Everyone has its own taste, its own point of view. So what ?
Coming from industry, I can tell that you should be happy to be able
(more or less) to do your job (I mean physics) with software designed
for it. By experience, I can say that it is not always (well, almost
never) the case...
I spent quite a few years fighting to justify software implementation
choices with people who don't know the difference between Visual Basic
and C++, and I'm quite disappointed to see this kind of sterile polemic
here :-(
Just my humble (and personal) opinion.
Cheers,
Bertrand.
P.S. I will not enter this discussion, but I really had to comment on it.

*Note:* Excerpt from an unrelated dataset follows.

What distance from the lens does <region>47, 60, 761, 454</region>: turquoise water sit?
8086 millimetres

-----Original Message-----
From: owner-roottalk_at_pcroot.cern.ch
[mailto:owner-roottalk_at_pcroot.cern.ch] On Behalf Of Andy Buckley
Sent: Thursday, June 29, 2006 11:58 PM
To: Julius Hrivnac
Cc: cstrato; roottalk (Mailing list discussing all aspects of the ROOT
system)
Subject: Re: [Fwd: Re: [ROOT] Wikipedia criticism about root]
Julius Hrivnac wrote:
>> PS. Myself and cstrato seem to have assumed the twin roles of Chief
>> Arguer here. I think it would be of benefit if others --- including
>> some of those who've mailed me personally with supportive messages
>> and the main ROOT developers, who presumably (I hope!) have opinions
>> on these issues --- can add to the debate. Otherwise this whole
>> affair is a waste of words... a fact which I suspect is not lost on
>> the more prominent silent parties ;-)
> > Many people have spend already a lot of time in arguments about Root > problems. I certainly did, Guy Barrand did, FreeHEP team did,... > People working in LHC experiments (as I do) are very well aware of > serious Root problems, but: > - don't have time to discuss them because they have to fix them > - are discouraged by the fact that no serious discussion about Root > alternatives is allowed in LCG/AA (CERN official LHC software > project)
Thanks for the comments. This explanation is entirely in keeping with my understanding of the situation. Does anyone else have any comments on this?
I'm glad that bug fixes are being fed back into ROOT rather than fixed "locally" on a per-user or per-experiment basis. At least I hope that's what's happening! :) There are certain "bugs", however, like the class design, UI etc. that cannot be fixed by outside parties: those will require a design and development effort, at least by the core team who (by definition) do have the time to work on it.